Prime Minister Alexis Tsipras insisted on Thursday that a ‘no’ vote in Sunday’s referendum would give him a chance to negotiate a better outcome with the country’s lenders.
He made the promise in an interview with Greek TV, as voters decided whether to accept the latest debt deal.
But Tsipras was forced to concede that a ‘yes’ vote would likely bring a quick end to capital controls.
“If the ‘yes’ vote wins, the banks will open but with an unviable deal. But if that is the decision of the Greek people – either from fear, pressure or choice – we will respect it,” he told Greek TV.
“But if the ‘no’ vote wins, and the ‘no’ is stronger, I assure you, the very next day I will be in Brussels and a deal will be signed,” Tsipras added.
His comments came as European Parliament President Martin Schultz called for Tsipras and his team to be replaced by a technocrat government if Greeks voted ‘yes’.
The International Monetary Fund warned on Thursday that Greece would not survive without massive debt relief and 50 billion euros in new financing.
But IMF chief Christine Lagarde reiterated that Athens wouldn’t get any special payment terms from them.
One analyst told the Associated Press news agency that most lenders were uneasy at the prospect of debt relief.
“When the IMF calls for a debt relief it doesn’t include its own lending.

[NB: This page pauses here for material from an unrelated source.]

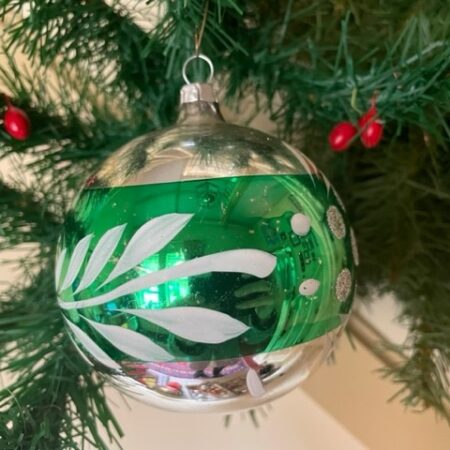 Giga grote kerstbal van dun geblazen glas in zilver en groen en wit midden 1900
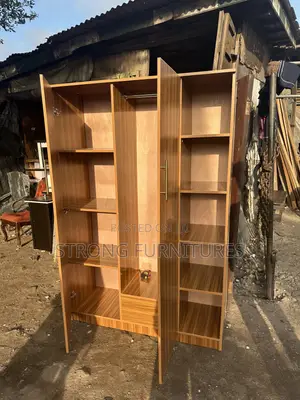 Brand New 4ft x 6ft HDF Wardrobe with Side Rack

The European Central Bank has done the same exact thing. The ECB is in favour of debt relief for Greece too, just not the debt that the ECB is holding.” said Megan Greene, Chief Economist of Manulife Asset Management.
She added that Germany isn’t in favour of any debt relief.
As ATM queues grew longer on Thursday, Bloomberg reported that Greek banks’ liquidity reserves would “probably only last until Monday”.
As much as the the public feared cash shortages for household expenses, business leaders said they needed emergency liquidity to prevent the wider economy grinding to a halt.